> Task to complete
Each line below from the one containing "Soy bean fields in summer season at sunset" through the one containing "girl_next_door19 free recording from" should be output exactly as it stands, and no other line should appear.

> Input
____________________
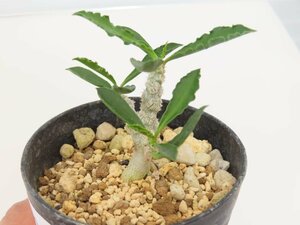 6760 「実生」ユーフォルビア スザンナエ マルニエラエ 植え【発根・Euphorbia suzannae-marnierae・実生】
____________________
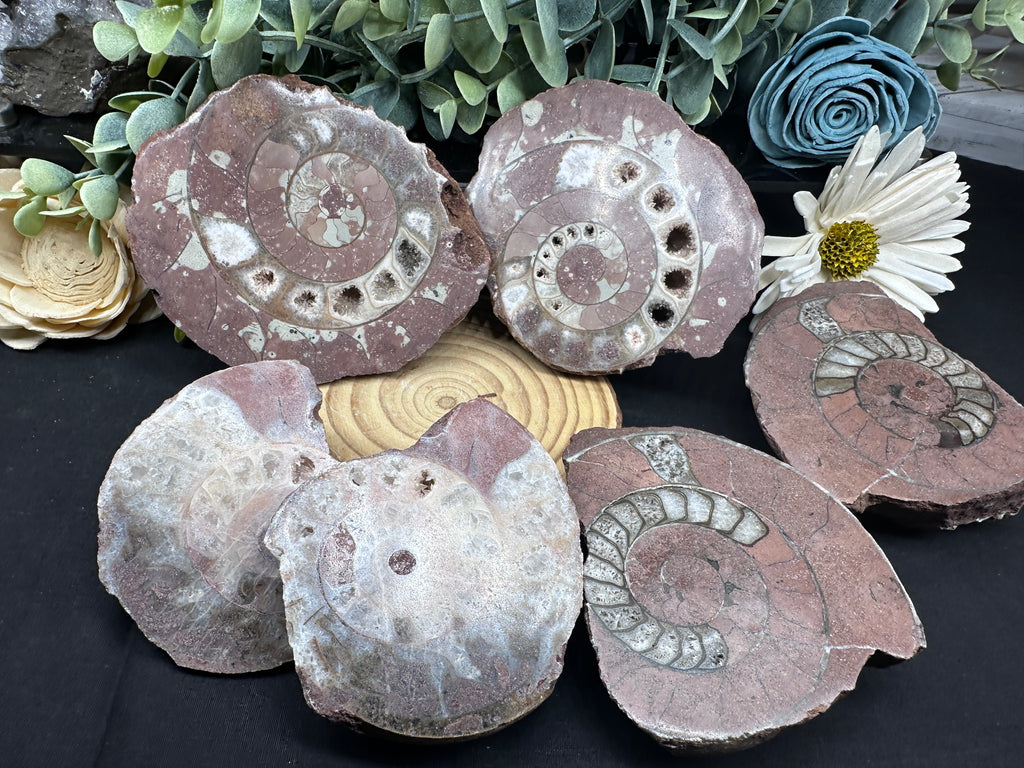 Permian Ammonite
____________________
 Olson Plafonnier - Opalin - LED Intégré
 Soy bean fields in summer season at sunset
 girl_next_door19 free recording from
____________________
> Exercise result
 Soy bean fields in summer season at sunset
 girl_next_door19 free recording from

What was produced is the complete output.